Chi sale e chi no
Enzo Risso, ricercatore, in “L’ascensore sociale funziona solo per i ricchi”, Su Domani 15-1-23, dopo avere analizzato dati e sondaggi, sottolinea che in Italia la spinta a migliorare la condizione sociale sembra attiva soltanto sul 5 per cento di chi si trova in alto nella scala sociale. Sono dati interessanti per conoscere la nostra società e per proseguire con ulteriori approfondimenti sul composito mondo del ceto medio, per capire se quando diminusce l’introito reddittuale peggiora anche il tenore, lo stile di vita. Le medie statistiche non di rado sono ingannevoli per conscere le reali dinamiche di un sociatà.
Così scrive Enzo Risso < L’ascensore sociale è bloccato ormai da anni, ma non per tutti. Il divario sociale non solo è crescente, ma anche le prospettive per il futuro, per i figli e i giovani, non sono affatto rosee.
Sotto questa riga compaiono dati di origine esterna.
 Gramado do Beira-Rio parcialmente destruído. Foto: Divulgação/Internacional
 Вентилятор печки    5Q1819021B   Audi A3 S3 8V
L’ascensore è rimasto in operativo solo per il 5 per cento della popolazione, che nel corso degli ultimi anni ha vissuto un miglioramento delle proprie condizioni economiche e di benessere. Questo dato di crescita, però, non è il frutto di una spinta dal basso verso l’alto, bensì una dinamica dall’alto verso il più alto.
Il dato di crescita e miglioramento della propria condizione sociale coinvolge il 10 per cento del ceto medio, mentre solo l’1 per cento nei ceti popolari. Per un altro 31 per cento di persone lo status economico è rimasto stabile su posizioni medie o medio alte. Se, complessivamente, il 36 per cento dell’opinione pubblica mostra una condizione economica salda, il restante 64 per cento evidenzia segnali di seria difficoltà.
La pandemia prima e i colpi dell’inflazione e dei mutamenti nel lavoro intervenuti in questi ultimi due anni, hanno inciso in modo differente nelle diverse classi sociali. Nell’insieme il 34 per cento degli italiani ha visto diminuire la propria capacità reddituale e i propri livelli di benessere. Il dato, anche in questo caso non è omogeneo.
Nel ceto medio i segni di difficoltà e discesa sono stati avvertiti dal 9 per cento delle persone, mentre nei ceti popolari la diminuzione reddituale ha toccato il 34 per cento. Ancora più evidente lo iato tra quanti hanno perso posizioni sociali in modo repentino e consistente. Solo il 2 per cento nel ceto medio, mentre nei ceti popolari il crollo tocca il 17 per cento.
Infine, non si può dimenticare, quel 38 per cento della popolazione che marca stabilmente la propria appartenenza ai ceti popolari o medio bassi e non ha vissuto alcun segnale di variazione economica positiva, ma neanche, per fortuna, alcuna ulteriore regressione. Quindi, in totale, il 64 per cento del paese è in posizioni economiche basse o in discesa.
Prospettive per il figli
Se osserviamo le prospettive per i figli, il quadro non cambia. Il 21 per cento degli appartenenti al ceto medio è convinto che i figli miglioreranno ulteriormente la condizione sociale e di benessere rispetto alla famiglia di provenienza, mentre un altro 57 per cento è convinto che i pargoli saranno destinati a essere, come i genitori, ceto medio. Futuro stabile o in miglioramento per il 78 per cento. Per i figli dei ceti mediobassi e popolari, il quadro è inverso. Per il 68 per cento le prospettive sono quelle di rimanere nella stessa condizione dei genitori.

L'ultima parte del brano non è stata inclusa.